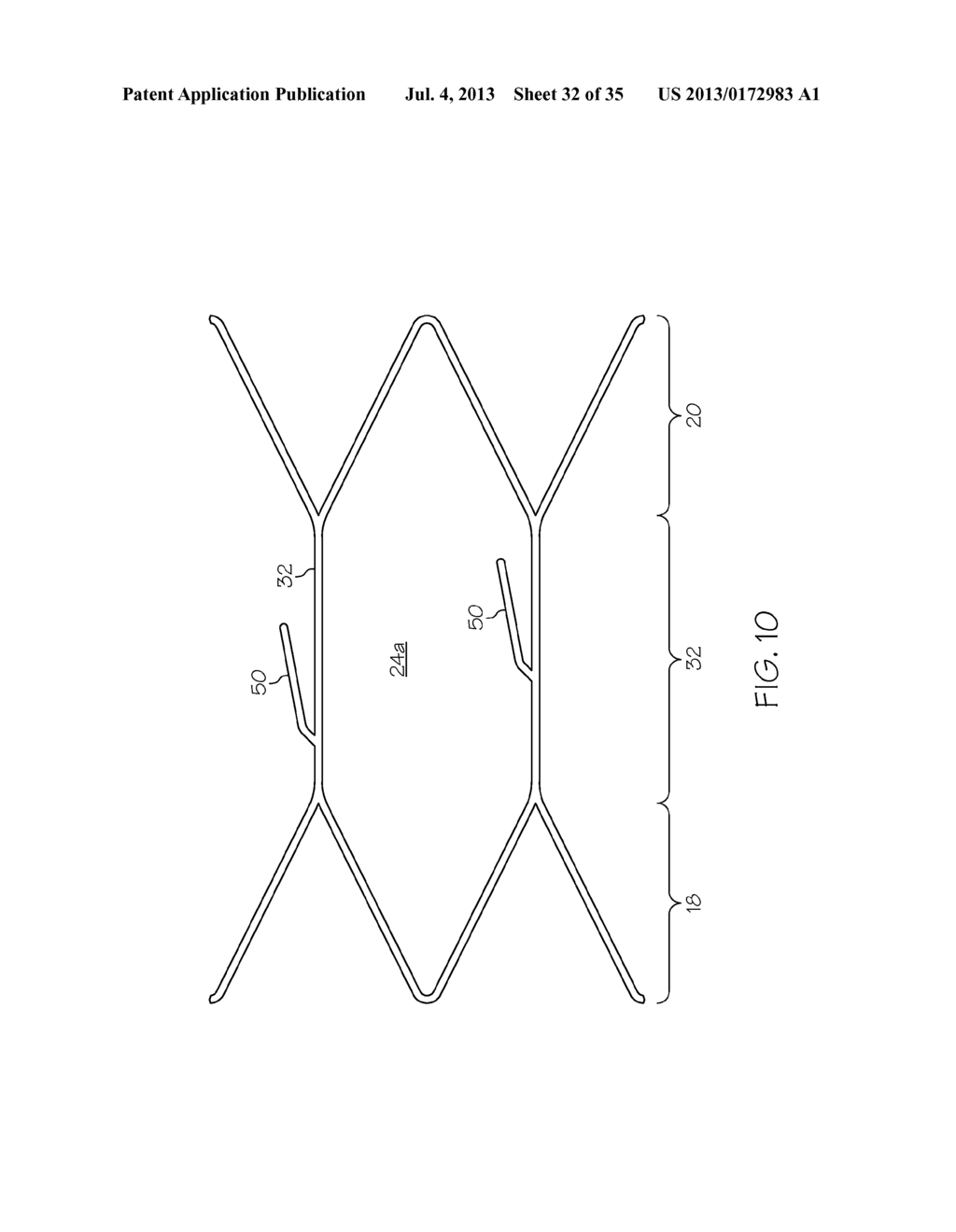 Stent with Anti-Migration Features - diagram, schematic, and image 33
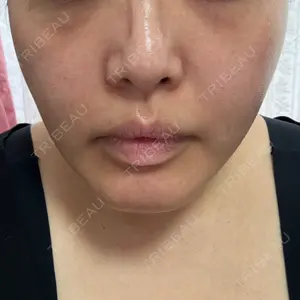 AZ BEAUTY CLINIC口コミ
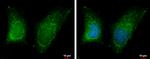 RAB11B Antibody in Immunocytochemistry (ICC/IF)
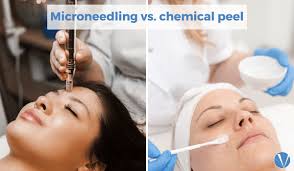 microneedling vs chemical l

━━━━━━━━━━

> [EXERCISE GOAL] The copy should match each line above exactly and contain no images.

> [SOLUTION TO THIS PROBLEM]
 Stent with Anti-Migration Features - diagram, schematic, and image 33
 AZ BEAUTY CLINIC口コミ
 RAB11B Antibody in Immunocytochemistry (ICC/IF)
 microneedling vs chemical l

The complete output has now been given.